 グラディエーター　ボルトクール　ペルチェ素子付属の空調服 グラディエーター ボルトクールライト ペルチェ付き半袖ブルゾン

——

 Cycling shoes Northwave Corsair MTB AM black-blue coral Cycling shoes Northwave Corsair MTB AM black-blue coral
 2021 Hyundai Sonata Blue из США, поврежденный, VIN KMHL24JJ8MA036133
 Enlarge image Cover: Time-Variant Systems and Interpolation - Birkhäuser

——

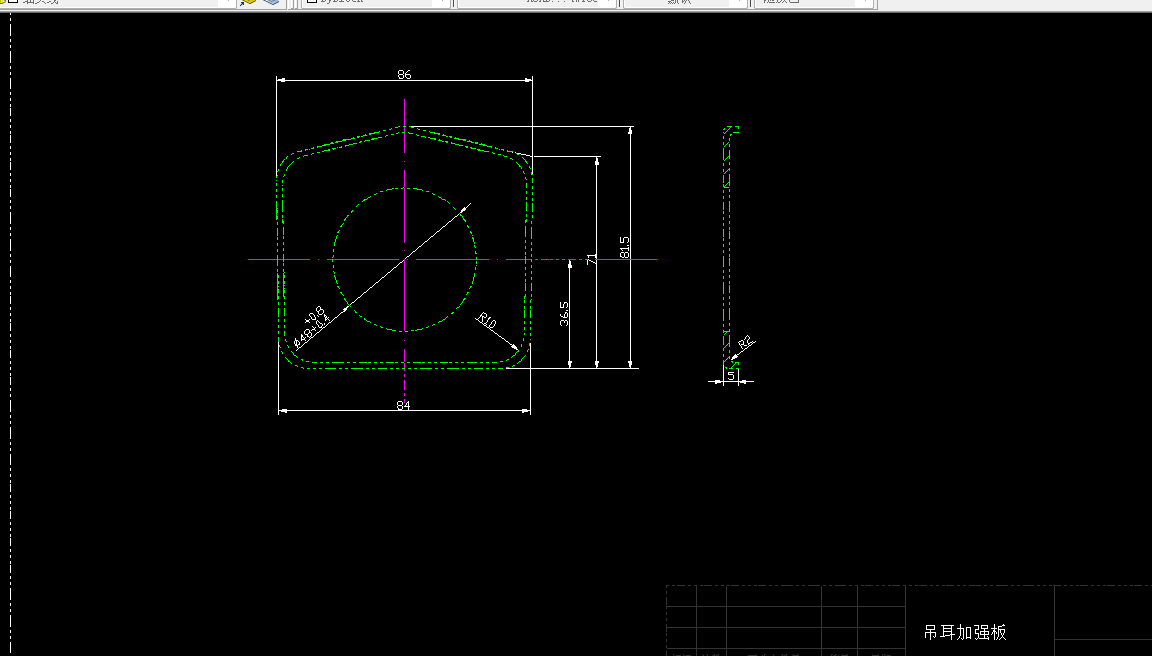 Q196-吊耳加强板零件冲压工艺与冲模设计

——

EXERCISE REQUIREMENTS: With the first line being the one containing "Cycling shoes Northwave Corsair MTB AM black-blue coral Cycling" and the last line the one containing "Enlarge image Cover: Time-Variant", transcribe exactly the lines above that fall in that range.

TASK ANSWER:
 Cycling shoes Northwave Corsair MTB AM black-blue coral Cycling shoes Northwave Corsair MTB AM black-blue coral
 2021 Hyundai Sonata Blue из США, поврежденный, VIN KMHL24JJ8MA036133
 Enlarge image Cover: Time-Variant Systems and Interpolation - Birkhäuser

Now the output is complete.